8. En l'espèce, M. B..., ressortissant tunisien né le 15 juin 1985, fait valoir qu'entré en France en 2011 sous couvert d'un visa de long séjour valant titre de séjour portant la mention " travailleur temporaire ", il y séjourne habituellement depuis lors et qu'il y a établi le centre de sa vie privée et familiale auprès de son frère et de sa belle-sœur. S'il produit diverses pièces, notamment des bulletins de salaire, attestant de sa présence en France quelques mois par an entre 2011 et 2020, il n'établit toutefois pas le caractère continu de son séjour sur le territoire depuis 2011. En outre, l'intéressé, célibataire et sans enfants, n'établit ni même n'allègue être dépourvu d'attaches dans son pays d'origine, où il a vécu au moins jusqu'à l'âge de 26 ans. Dans ces conditions, en prenant l'arrêté contesté, le préfet des Bouches-du-Rhône n'a pas porté une atteinte disproportionnée au droit de M. B... au respect de sa vie privée et familiale au regard des buts poursuivis par cet arrêté. Il n'a, par suite, méconnu ni les stipulations de l'article 8 de la convention européenne de sauvegarde des droits de l'homme et des libertés fondamentales ni les dispositions de l'article L. 313-11 7° du code de l'entrée et du séjour des étrangers et du droit d'asile. Le préfet des Bouches-du-Rhône n'a pas davantage commis d'erreur manifeste dans l'appréciation des conséquences de sa décision sur la situation de l'intéressé.
9. Il résulte de ce qui précède que M. B... n'est pas fondé à se plaindre de ce que, par le jugement attaqué, le tribunal administratif de Marseille a rejeté sa demande tendant à l'annulation de l'arrêté du 7 juillet 2020 du préfet des Bouches-du-Rhône rejetant sa demande de titre de séjour et l'obligeant à quitter le territoire français dans un délai de trente jours.

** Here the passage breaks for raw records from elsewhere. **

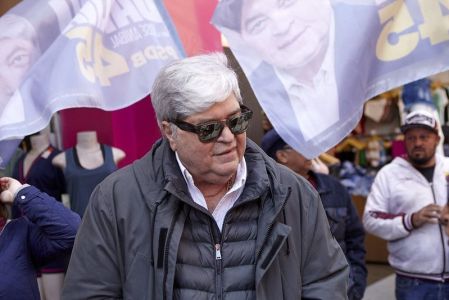 Datena foca em “parar Marçal e derrotar o PT“ em novo movimento de campanha | CNN Brasil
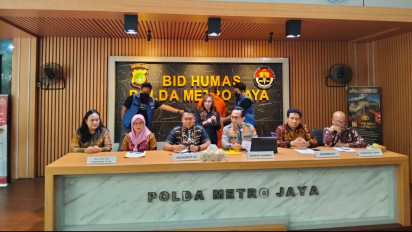 Jual-Beli Ribuan Konten Pornografi Anak, Pelaku Raup Keuntungan Hingga Puluhan Juta Rupiah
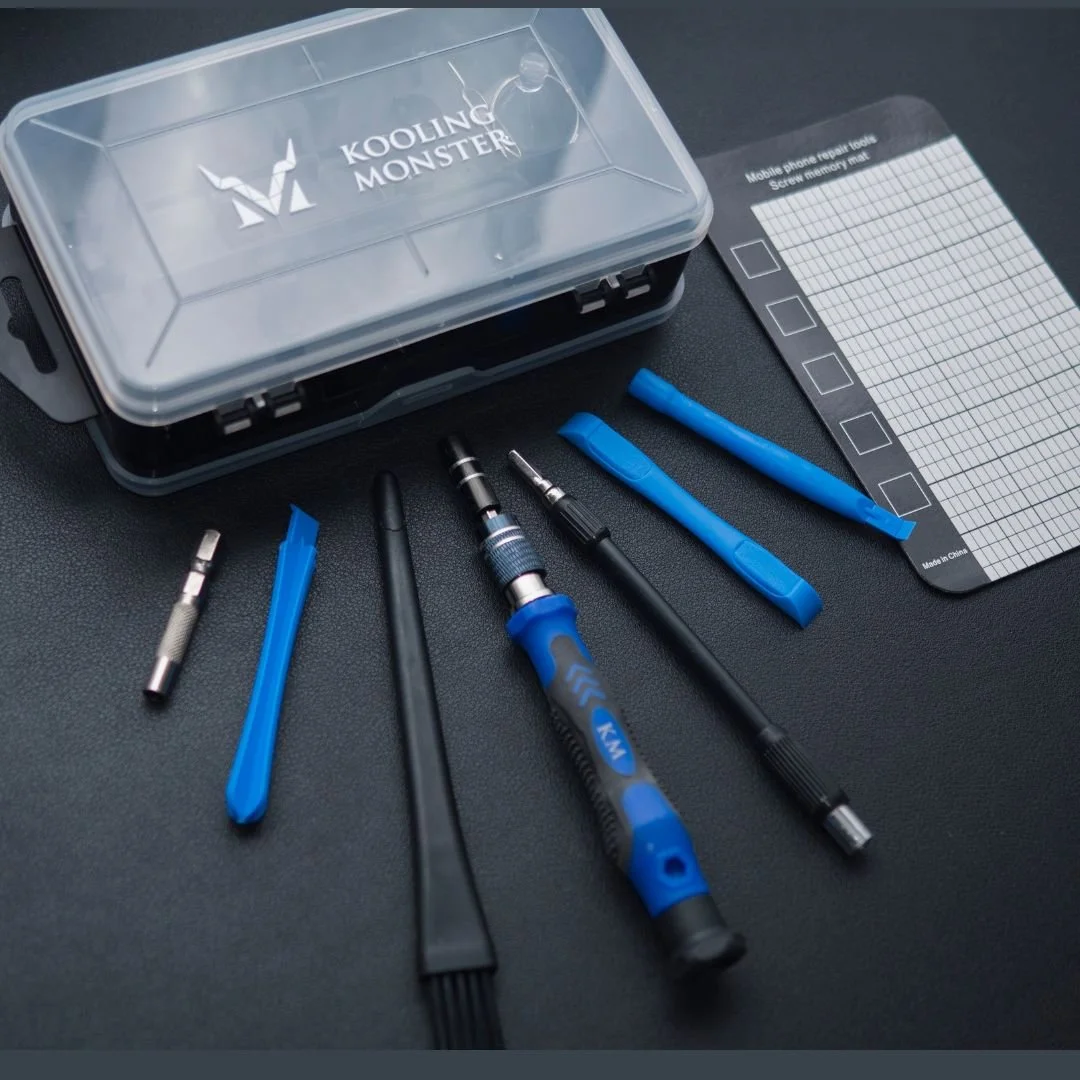 KOMBO-01 Screwdriver Set | Kooling Monster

10. Par suite, ses conclusions à fin d'injonction et d'astreinte ainsi que ses conclusions présentées en application des dispositions des articles L. 761-1 du code de justice administrative et 37 de la loi du 10 juillet 1991 ne peuvent être accueillies.
D E C I D E :
Article 1er : La requête de M. B... est rejetée.
Article 2 : Le présent arrêt sera notifié à M. A... B..., à Me Gonand et au ministre de l'intérieur et des Outre-mer.
Copie en sera adressée au préfet des Bouches-du-Rhône.
Délibéré après l'audience du 15 mai 2023, où siégeaient :
- M. Bocquet, président,
- Mme Vincent, présidente assesseure,
- Mme Balaresque, première conseillère.
Rendu public par mise à disposition au greffe le 5 juin 2023.